Before this, I performed autotune twice which went smoothly - the copter was flying decently but I feel that the tune can be improved further.
For this time, I added a dynamic notch filter so, I’m wondering if I accidently filter out important attitude information. However, this should affect the roll tune as well.
Could it be that my ATC_ANG_PIT_P value is too low? or something related to the pitch PID values.
I tried changing ATC_RAT_PIT_FLTT back to 10 and performed autotune but had similar result which was expected.
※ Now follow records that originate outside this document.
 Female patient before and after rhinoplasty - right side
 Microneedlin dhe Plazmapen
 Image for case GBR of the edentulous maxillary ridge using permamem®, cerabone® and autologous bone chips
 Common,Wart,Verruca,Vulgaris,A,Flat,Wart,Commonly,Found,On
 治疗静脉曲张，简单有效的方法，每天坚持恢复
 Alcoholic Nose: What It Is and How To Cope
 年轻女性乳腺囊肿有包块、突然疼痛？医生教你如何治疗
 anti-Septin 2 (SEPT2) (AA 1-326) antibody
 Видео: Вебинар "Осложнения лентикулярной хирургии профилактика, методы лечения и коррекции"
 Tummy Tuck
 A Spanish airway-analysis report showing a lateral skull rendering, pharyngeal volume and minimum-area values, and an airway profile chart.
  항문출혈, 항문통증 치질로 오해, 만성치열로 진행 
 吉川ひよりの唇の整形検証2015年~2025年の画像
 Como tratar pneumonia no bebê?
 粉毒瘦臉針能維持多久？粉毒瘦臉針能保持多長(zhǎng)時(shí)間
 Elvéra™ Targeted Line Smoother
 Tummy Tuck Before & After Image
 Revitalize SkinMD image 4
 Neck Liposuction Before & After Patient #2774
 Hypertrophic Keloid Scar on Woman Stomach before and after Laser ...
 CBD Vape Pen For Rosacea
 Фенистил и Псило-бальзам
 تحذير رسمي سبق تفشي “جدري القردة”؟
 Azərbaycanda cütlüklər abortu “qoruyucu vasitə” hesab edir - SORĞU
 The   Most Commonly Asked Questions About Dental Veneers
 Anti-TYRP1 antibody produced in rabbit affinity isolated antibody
Copter specs - Quad, min TOW 10.2kg, T motor MN701s, Flame ESC, 24" prop, Cube Orange 4.0.4
Planning to carry a 6kg payload.

log: https://drive.google.com/file/d/1t7tNGUGxXSjgqiPo4QqiJu5dILgmozvm/view?usp=sharing
param: PARAM 6.param (18.3 KB)

Before autotune PID values:

After roll autotune:

Regarding the log, after the autotune session I performed test flight in loiter mode with empty payload and with the 6kg payload. Based on observation, after mounting the payload, the copter oscillate on the pitch axis probably due to poor pitch PID value.

If the aircraft is reasonably symetrical, I would set all those pitch values to the same as roll is now.

Thanks for the reply @xfacta.
The aircraft is longer on the pitch axis. The first time I performed autotune - with the following settings,

ATC_RAT_PIT_FLTD,10
ATC_RAT_PIT_FLTE,0
ATC_RAT_PIT_FLTT,10
ATC_RAT_RLL_FLTD,10
ATC_RAT_RLL_FLTE,0
ATC_RAT_RLL_FLTT,10
INS_ACCEL_FILTER,15
INS_GYRO_FILTER,20
MOT_THST_EXPO,0.77
MOT_PWM_MAX,0
MOT_PWM_MIN,0

and got the following PID values,

Then, I changed the following params

MOT_THST_EXPO,0.2
MOT_PWM_MAX,1940
MOT_PWM_MIN,1100

and performed autotune again and gotten the following PID values

You want to set the FLTT filters to 0 before Autotune. And perhaps set the MOT_THST_EXPO back to default or the Tuning Parameter Guide value.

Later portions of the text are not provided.